# What you will do
Word for word, print each line of the listing below; pictures stay out.

# Task material
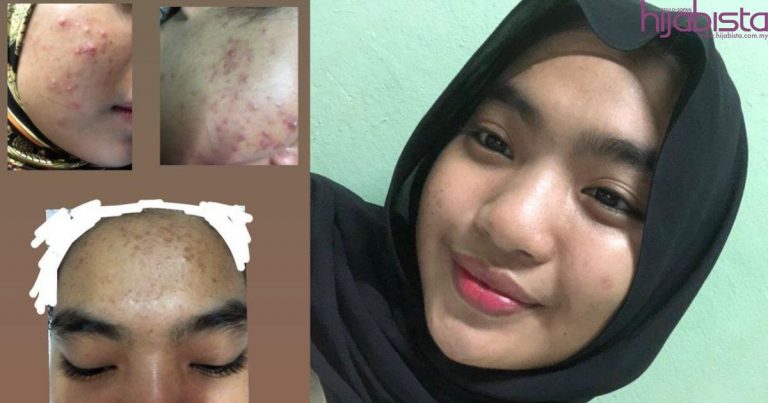 Lepas Buat Research, Gadis Kongsi Rutin & Produk Pulihkan Kulit Wajahnya Dari Breakout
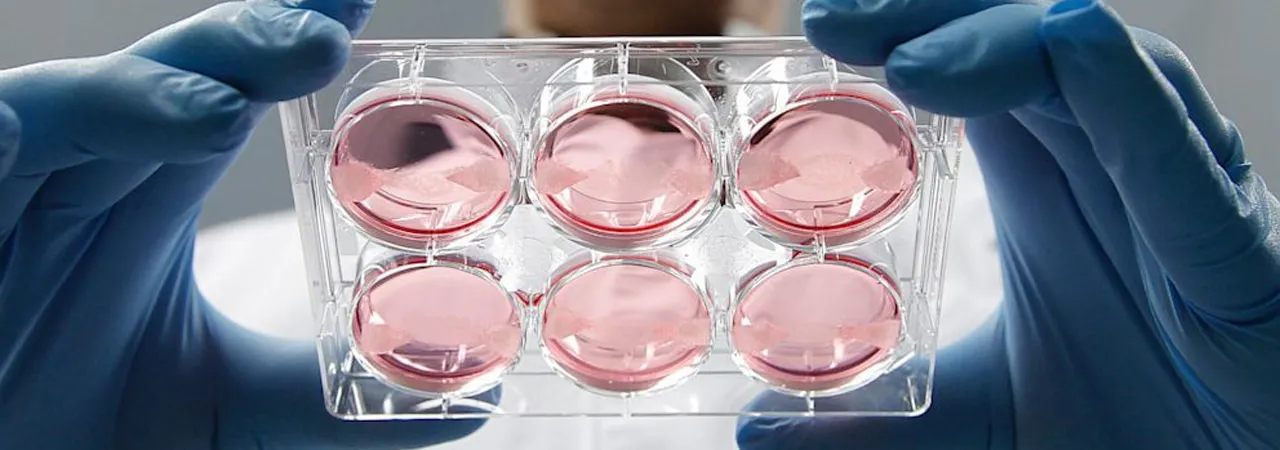 Towards a Post-Animal Bioeconomy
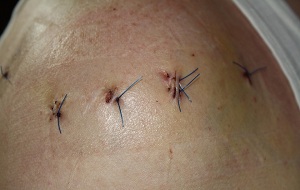 stitches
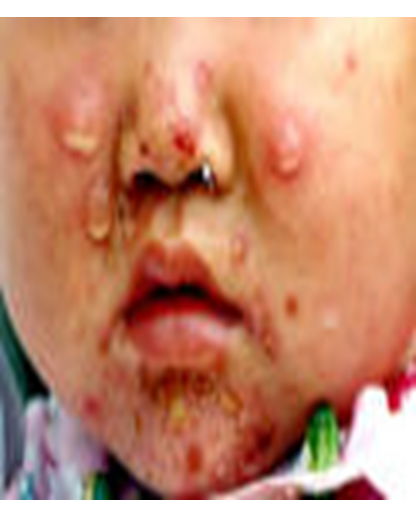 Describe las características, patogenicidad, vías de transmisión y prevención. Staphylococcus y Streptococcus.
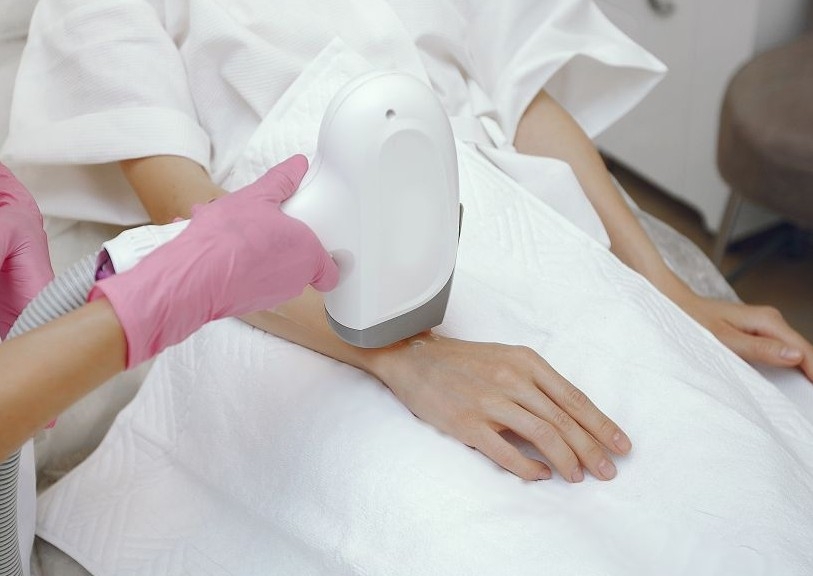 Laser Hair Reduction - Hands or Feet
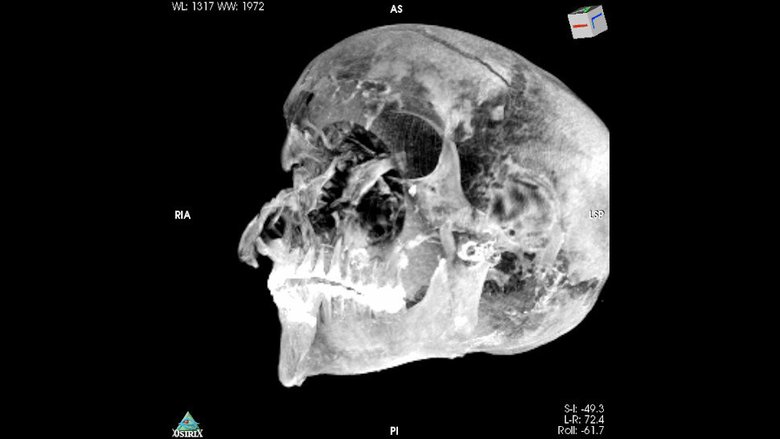 Трехмерное изображение показывает сильно поврежденный череп фараона. Фото: Sahar Saleem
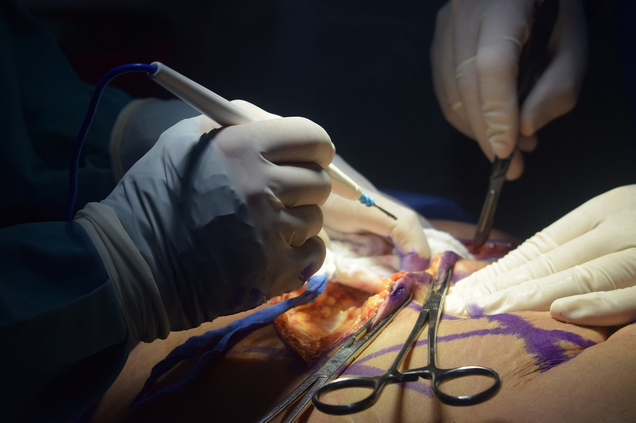 surgery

# Answer section
 Lepas Buat Research, Gadis Kongsi Rutin & Produk Pulihkan Kulit Wajahnya Dari Breakout
 Towards a Post-Animal Bioeconomy
 stitches
 Describe las características, patogenicidad, vías de transmisión y prevención. Staphylococcus y Streptococcus.
 Laser Hair Reduction - Hands or Feet
 Трехмерное изображение показывает сильно поврежденный череп фараона. Фото: Sahar Saleem
 surgery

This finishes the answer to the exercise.